Jack Effel has come under fire for the way he handled Kassouf, but anyone who has worked as a TD will have to respect how calm Jack actually was.
When you have 100 players in your care, and there is one who is draining your energy and resources, compromising the experience of others and then pretending they’re totally innocent when you pull them on their behaviour, it makes you want to pick up a chair and smash them in the face.
That Jack issued a fair penalty and then took time later to talk to Kassouf makes him TD of The Universe in my eyes.

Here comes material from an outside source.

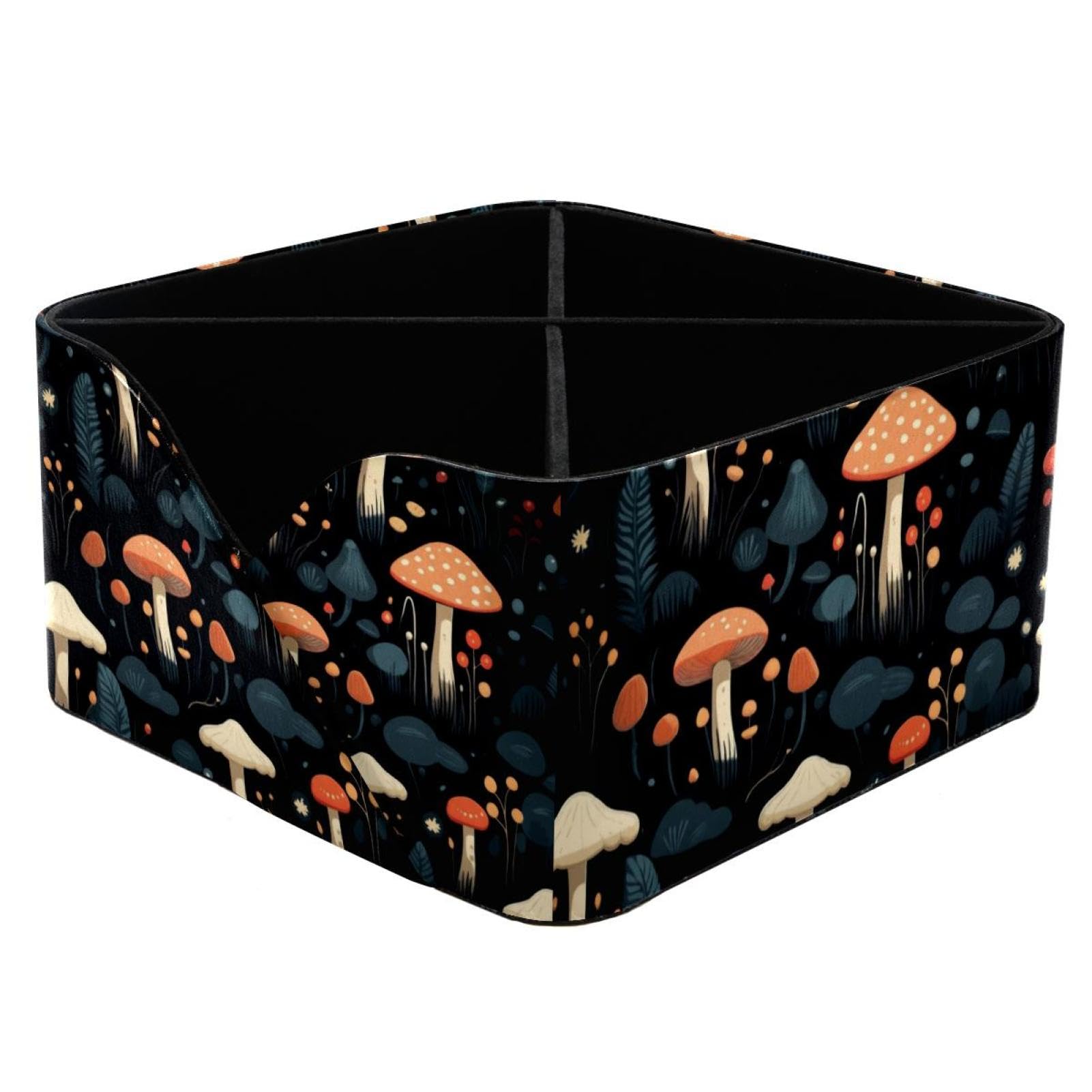 Organisateur de bureau champignon noir et boîte de rangement rectangulaire pour papeterie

I’m not going to imagine a cardroom full of Kassoufs, because it would be the End of Days, but let’s imagine there’s enough Kassouf characters to have one on every table, what would that be like?
It would be like a closed cardroom, because business would be lost as genuine recreational players drop off through boredom of poker nerds arguing about rules whilst they waited to play hands.
In addition to the loss of business, there would be a massive spike in labour costs as (and this had to happen in WSOP2016 on Kassouf’s table) two or three floor staff will need to be at every table, monitoring clocks, penalties and player aggro.
More than one Kassouf per cardroom is not good for poker, if lots of players start copying Kassouf’s behaviour without his intelligence, (and thus even less discernible charm and humour) then the only noise louder than Kassouf’s voice will be the swansong of low-stakes live poker.
Overall, I do not think Kassouf is good for poker, not by himself, or as a template for others to model their poker room behaviour.
He’s not enough.
He’s not clever enough, he’s not funny enough, he’s not engaging enough, he’s not interesting enough; none of what he does is enough.
He’s got the right idea, let’s have more fun, let’s stop pretending poker is serious, let’s have a laugh when we play live, whatever our stakes!
Let’s have an actual laugh though, not just try to convince potential new players that poker has to be one socially inept guy making everyone else feel emotions on the negative spectrum, because it doesn’t, and we all know it.